Ce funeste scénario, dont on peine à imaginer la fin, on le doit à la conjonction de deux ingrédients principaux : d’un côté, la personnalité et la stratégie jusqu’au-boutiste de l’OVNI politique qu’est devenu le leader des Patriotes africains du Sénégal pour le travail, l’éthique et la fraternité (Pastef), de l’autre, la supposée volonté du chef de l’État Macky Sall de briguer un troisième mandat, contesté par ses adversaires. Au premier rang desquels Ousmane Sonko, qui en a fait son fonds de commerce, le levier de son ascension fulgurante, mais aussi son collier d’immunité face à une justice qui ne lui a laissé aucun répit durant ces derniers mois, qu’il s’agisse de la plainte pour viol d’Adji Sarr ou de celle en diffamation du ministre Mame Mbaye Niang.
Lapidaire comme de coutume, Sonko déclare que les magistrats sont aux ordres du pouvoir, que ces affaires ont été montées de toutes pièces, qu’il s’agit d’un vaste complot fomenté pour l’empêcher de devenir président. Il entend donc s’y soustraire par tous les moyens, y compris en incitant ses troupes à l’insurrection à chacune de ses convocations devant les policiers ou les juges. Inimaginable sous d’autres latitudes.

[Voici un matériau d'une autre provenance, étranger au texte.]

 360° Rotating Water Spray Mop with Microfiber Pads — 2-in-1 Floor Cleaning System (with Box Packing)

Le trublion devenu berserk
Que ses contempteurs tentent par tous les moyens d’exploiter ces dossiers judiciaires pour l’abattre ne fait aucun doute. Cela signifie-t-il pour autant qu’il n’a rien à se reprocher ou qu’il n’a aucun compte à rendre ? Si l’affaire Sarr, mal ficelée, ressemble plus à une sordide histoire de mœurs entre une « masseuse » tarifée et son client régulier, à qui elle réclamait des sommes de plus en plus conséquentes, consciente de la notoriété de l’édile et de sa propre capacité à salir sa réputation, sorte de vulgaire chantage auquel Sonko a visiblement refusé de céder, provoquant l’ire et la vengeance de cette adepte du body-body avec final extatique, il en va tout autrement de la plainte en diffamation de Mame Mbaye Niang.

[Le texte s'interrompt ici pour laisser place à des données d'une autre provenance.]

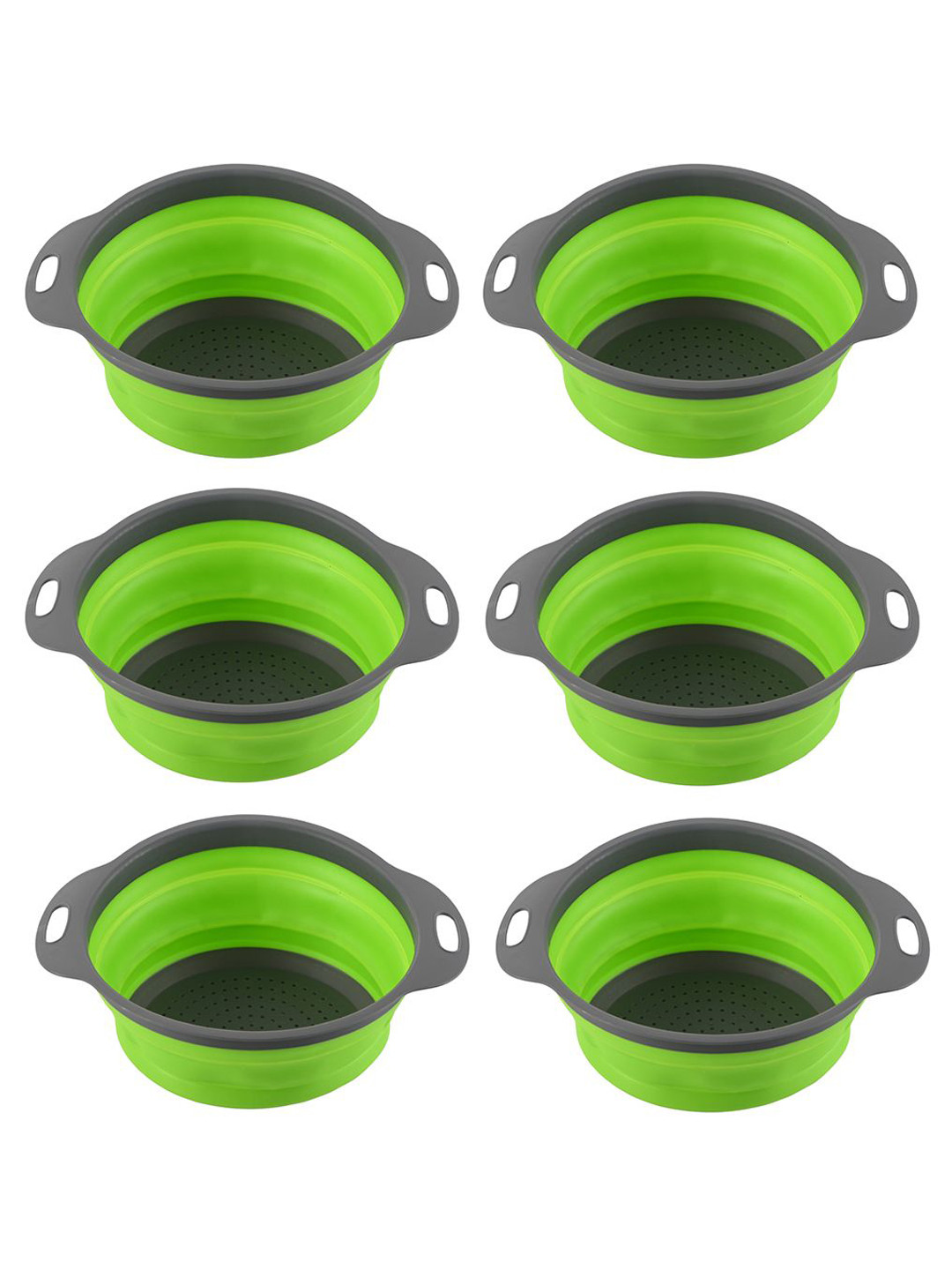 Kuber Industries Green & Grey 6 Pieces Multipurpose Silicon Kitchen Strainer With Handle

En novembre 2022, le président des Pastef avait cru bon de jeter l’opprobre sur l’actuel ministre du Tourisme, fidèle lieutenant du chef de l’État. Dans une intervention publique, l’opposant avait ressorti de ses tiroirs un prétendu rapport attribué à l’Inspection générale des finances faisant état de détournements financiers massifs commis il y a plusieurs années par un organisme placé sous la tutelle de Mame Mbaye Niang. En creux, Ousmane Sonko l’accusait d’avoir personnellement tiré profit de ces prévarications supposées, lesquelles n’ont jamais donné lieu à des poursuites judiciaires. Manque de chance, ce rapport n’a jamais existé, et Sonko a tendu à ses ennemis, qui n’en demandaient pas tant, le bâton pour se faire battre…

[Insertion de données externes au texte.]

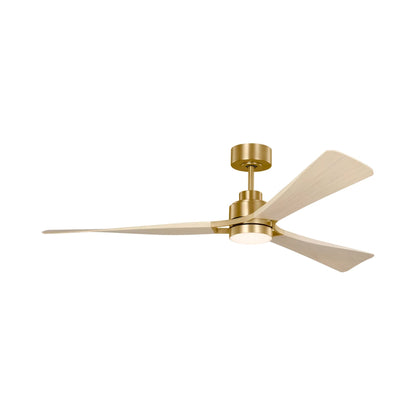 Trillium Smart LED Ceiling Fan in Burnished Brass/Washed White Oak.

Depuis, le trublion de Casamance et maire de Ziguinchor, arrivé troisième lors de la présidentielle de 2019 (15 % des voix), s’est mué en véritable berserk, ce guerrier de la mythologie nordique qui entrait dans une fureur sacrée au moment du combat et que seule la mort pouvait stopper. « Le combat final se passera à Dakar. Soit Macky Sall recule, soit on le déloge du Palais. J’appelle toute la jeunesse qui croit en notre projet à tout laisser pour faire face à Macky Sall et en finir avec lui et son régime. » Difficile de faire plus clair…
« Je suis prêt au sacrifice ultime », a-t-il aussi déclaré. Ou encore : « J’ai fait mon testament. Si Macky Sall ne recule pas, soit il nous tue, soit nous le tuons », prophétisait-il en janvier, devant une foule de jeunes sympathisants survoltés. Là aussi, sous n’importe quel autre ciel africain, l’opposant serait aujourd’hui en prison après avoir proféré de telles menaces contre un président. Ce qui avait d’ailleurs fait dire un jour à Macky Sall lui-même : « Si le Sénégal n’était pas une authentique démocratie, croyez-moi, le sort d’Ousmane Sonko aurait été réglé depuis longtemps… »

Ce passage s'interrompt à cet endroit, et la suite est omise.